7,9-12.13-14 ci saranno sempre i giorni buoni e i giorni cattivi per questo devi imparare a riflettere e discernere per saper scegliere il meglio sia nei giorni di festa che nei giorni di lutto, la sapienza ti offre o consente di scegliere sempre il meglio tra due beni e il meno peggio tra due mali, questo è in strema sintesi la massima sapienziale di Qohelet. Il suo linguaggio è apparentemente semplice, il vs. 9 ne è una prova, letteralmente significa: non ti affrettare nell'indignarti (conta fino a dieci prima di parlare) perché l'amarezza (che porta l'ira) risiede nel fondo (abisso) dello spirito degli stolti. In realtà qui abbiamo dette in maniera semplice delle verità molto profonde. Il vs. 10 ha una costituzione più robusta e complicata dal punto di vista linguistico: "non dire (non dirai) per quale motivo i giorni passati furono migliori degli attuali – perché non è la saggezza a dettare questo tipo di riflessione", vale a dire si tratta di uno spreco di riflessione impegnare lo spirito e il cuore in quel tipo di pensiero. Anche noi diciamo con il detto popolare "son migliori i tempi passati", perché a fare questa riflessione è l'anziano nel bel mezzo dei suoi acciacchi, è naturale che l'ottantenne guardando indietro dica che stava meglio a vent'anni (anche se era stretta la vita), ma dice Qohelet, a cosa serve una tale riflessione se non a far dimorare in fondo al cuore la tristezza?
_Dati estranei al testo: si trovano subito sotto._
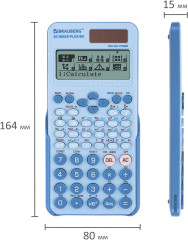 Калькулятор инженерный SC-991ES-PLUS-BU - Фото 7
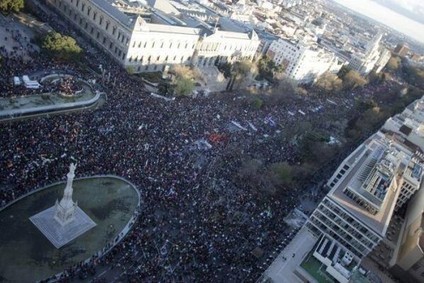 Espagne: énorme manifestation contre l'austérité le 22 mars 2014 | ACTUALITÉ | Scoop.it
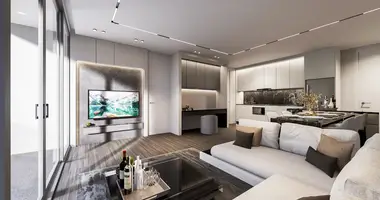 Penthouse 1 zimmer mit Doppelt verglaste Fenster, mit Balkon, mit Möbliert in Phuket, Thailand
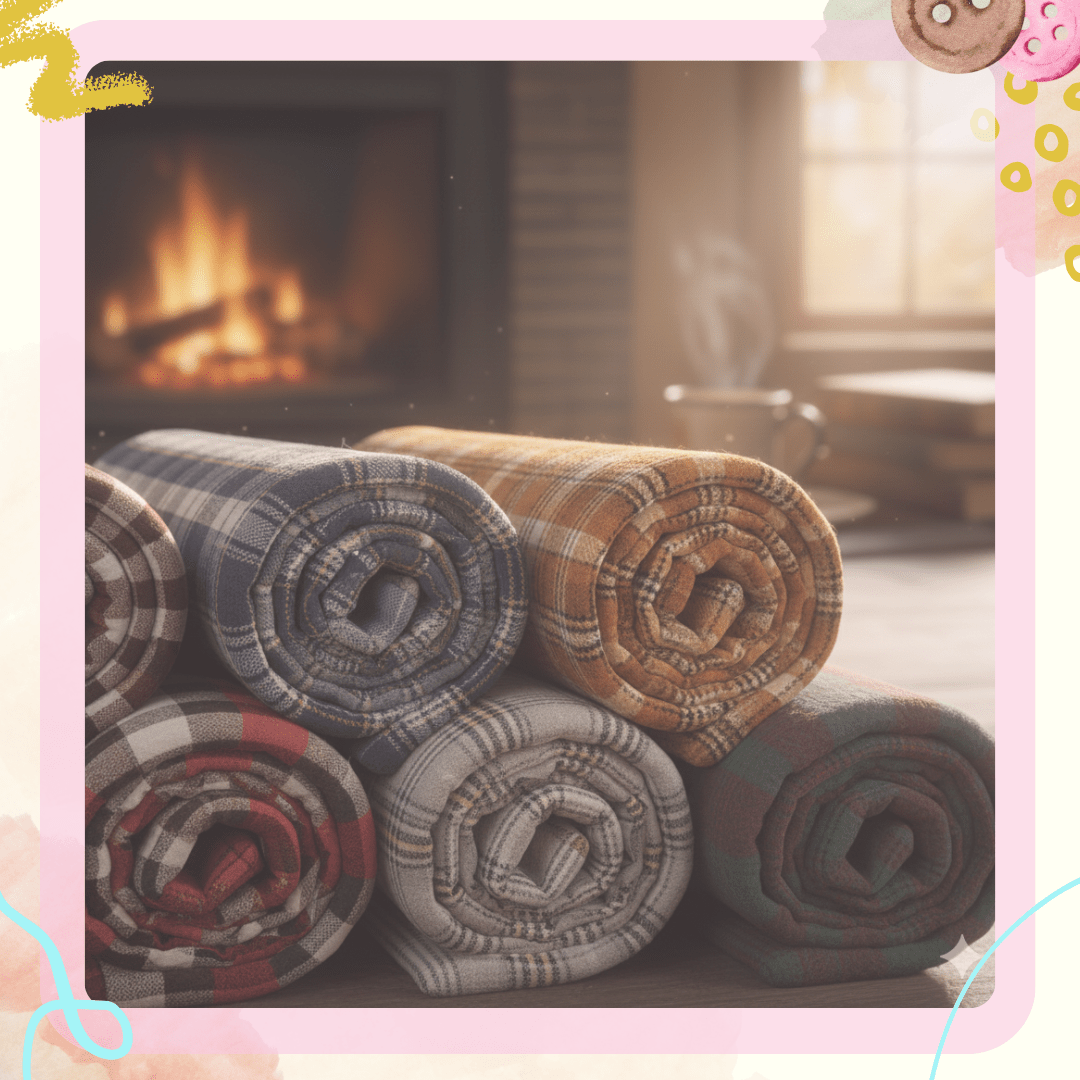 Kas ir flanelis? - Šarlotes audumi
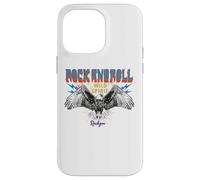 Vintage Wild Spirit Rock You Eagle Flying Rock & Roll Coque pour iPhone 14 Pro Max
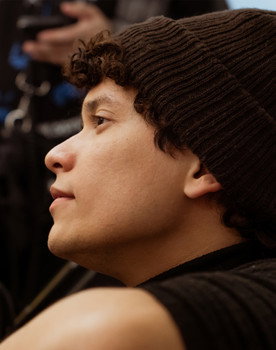 J. D. Estévez as Young man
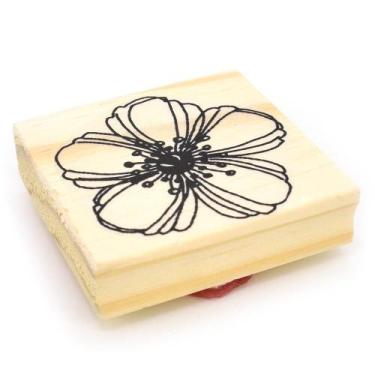 Imagem de Carimbo Arte Fácil Florzinha CA-306 - 8x8cm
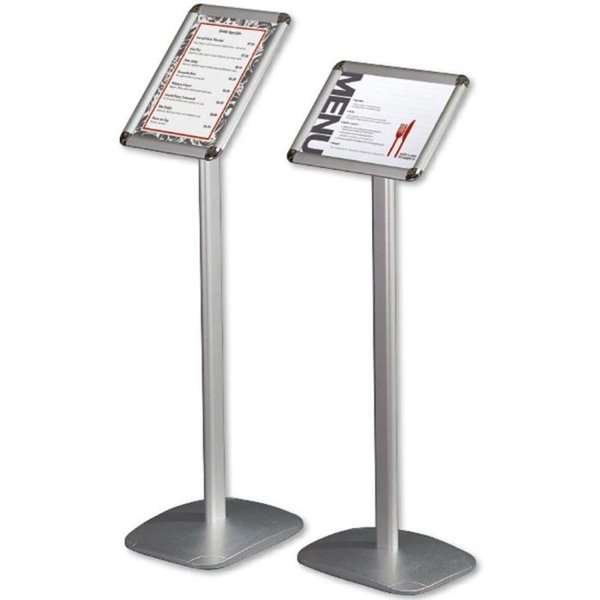 Expo Info stativ - A4 - silver #2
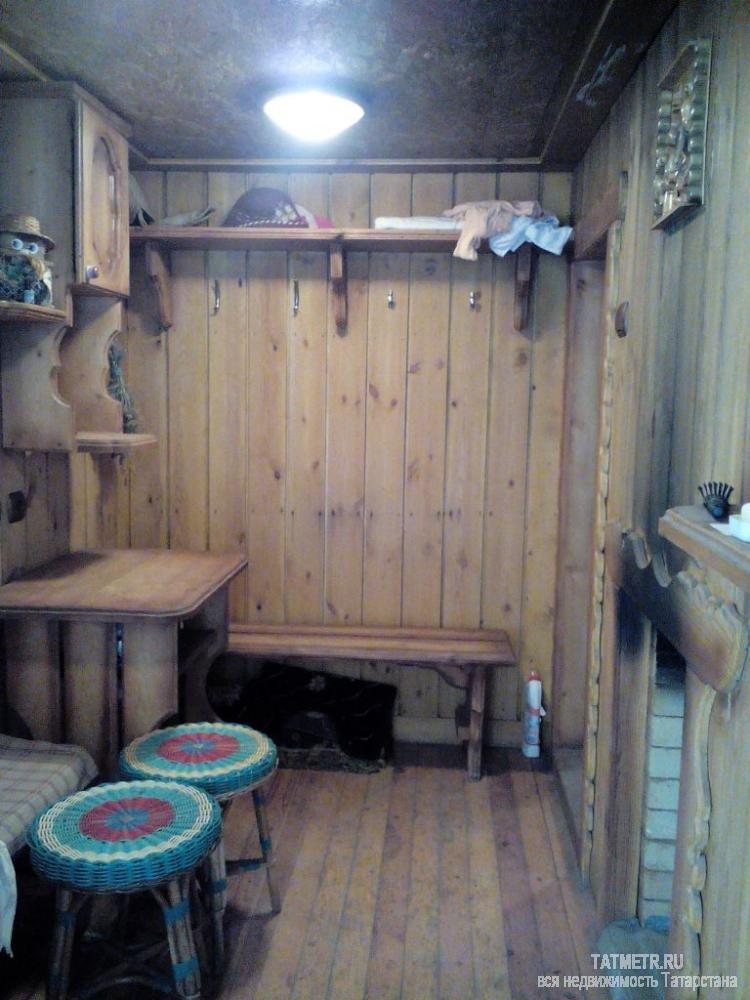 Продажа / Дома и коттеджи, Айша, Юбилейная улица, 3 250 000 Отличный дом в с. Айша (Успенка). Бревенчатый дом облицован декоративным кирпичем в два этажа, второй-мансарда. На... - 9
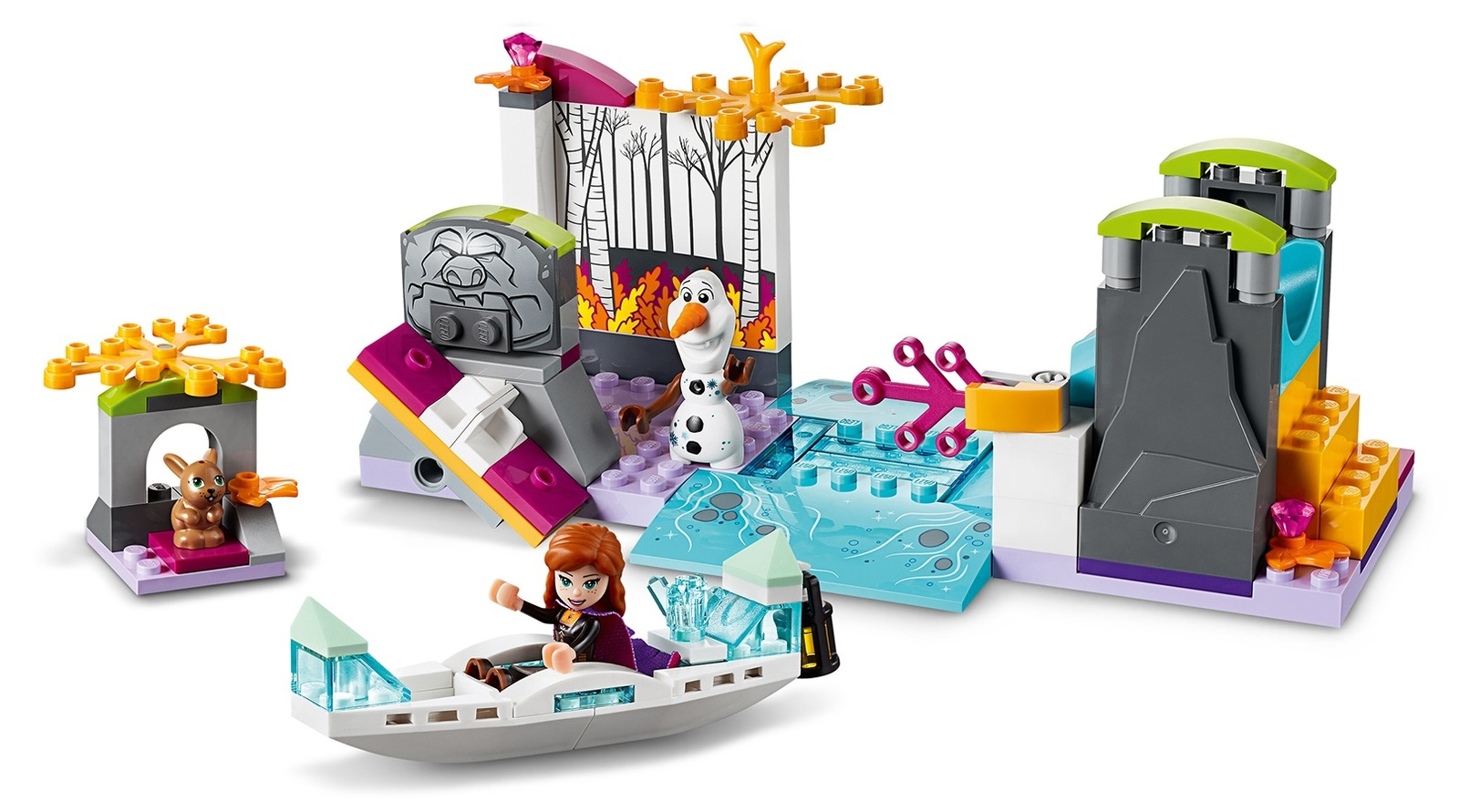 LEGO Disney: Frozen II - Anna's Canoe Expedition (41165)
Invece va cacciata dal fondo del cuore perché inquinerebbe tutto e ci impedirebbe di godere le cose semplici della vita.
(11-12) ora cambia un tantino la costruzione: "tovah chakh'mah im-nachalah – w'yoter l'roey hashamesh", la sapienza è buona quanto un'eredità (o è buona ma se accompagnata da un'eredità è meglio per quelli che vivono sotto il sole) ma le due cose insieme hokma e nachala (eredità) sono il meglio per i viventi, al vs. 12 si dà il perché: la sapienza e il denaro sono una difesa contro le intemperie della vita, meglio se si trovano insieme tutte e due; alcuni preferiscono tradurre e dare al testo il significato che è preferibile la sapienza al denaro (let. il testo dice che all'ombra di sapienza c'è dell'argento), ma io credo che il significato è che le due insieme sono la migliore difesa contro i problemi che vengono dalla vita, poiché la sapienza "dà la vita" è un dono di Dio.
(13-14) eccoci arrivati ai testi più difficili e complicati del brano: rifletti sull'opera che compie haelohiym, perché chi potrà raddrizzare quello che lui ha fatto storto? "Godi nei giorni buoni e nei giorni del male RIFLETTI", la conclusione è che Dio ha posto i giorni buoni DI FRONTE (lemmat) ai giorni mali (vuol dire che ha fatto entrambi, il yom che è il giorno o il tempo stesso che dura, un periodo qualsiasi di tempo, è creato da Dio) per sempre e si alternano, l'uno succede all'altro, senza che Adam possa farci niente per cambiarli o trasformare un tempo cattivo in un tempo migliore, godi del bene nei giorni buoni e sii paziente, rifletti quando arriveranno i giorni difficili, non puoi fare altro e si tenti di cambiare il ritmo del tempo della vita umana stai cercando di raddrizzare quello che Dio ha creato storto. Questo è il massimo degli sprechi, delle vanità a cui un uomo si può dedicare.